MOSTRE / “Tra il vento e la neve”: a Pavia il ricordo (inedito) dei prigionieri italiani nella Grande Guerra [FOTO]

(immagine di apertura: Gaetano Previati, Gli orrori della guerra-L’esodo, 1917, olio su tela. Collezione Isolabella)

PAVIA, 21 dicembre 2018 – Le celebrazioni per i cent’anni della Grande Guerra si avviano ormai alla fine, chiudendo un anniversario passato, rispetto ad altri, purtroppo in sordina.

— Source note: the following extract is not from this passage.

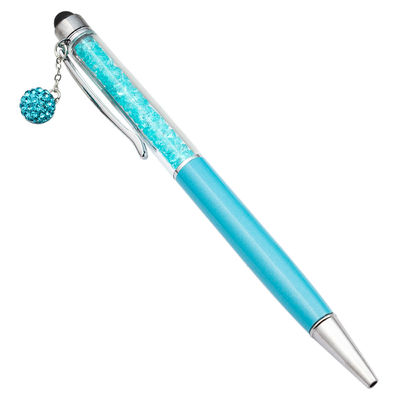 Cute Crystal Pen Diamond Ballpoint Pens Stationery Ballpen 2 In 1 Crystal Stylus Pen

Una delle ultime occasioni per poter riflettere sull’immane conflitto che, tra il 1914 e il 1918, trascinò l’Europa (e poi le altre nazioni via via coinvolte) in un dramma terrificante – oltre 12 milioni di morti tra i soldati, tre imperi cancellati dalla storia, intere regioni distrutte, economie da ricostruire e una tragedia psicologica, per chi era il fronte soprattutto, senza precedenti – è offerta dalla mostra “Tra il vento e la neve. Prigionieri italiani nella Grande Guerra”, esposta ai Musei Civici di Pavia fino al 27 gennaio 2019. La rassegna mette in luce la complessa e poco nota vicenda dei prigionieri italiani nei campi di concentramento tedeschi e austriaci, già attivi nel primo conflitto, e il ruolo della Croce Rossa Internazionale, che ha tenuto vivo il canale di comunicazione tra i soldati e le loro famiglie, oltre ad assicurare un supporto medico neutrale.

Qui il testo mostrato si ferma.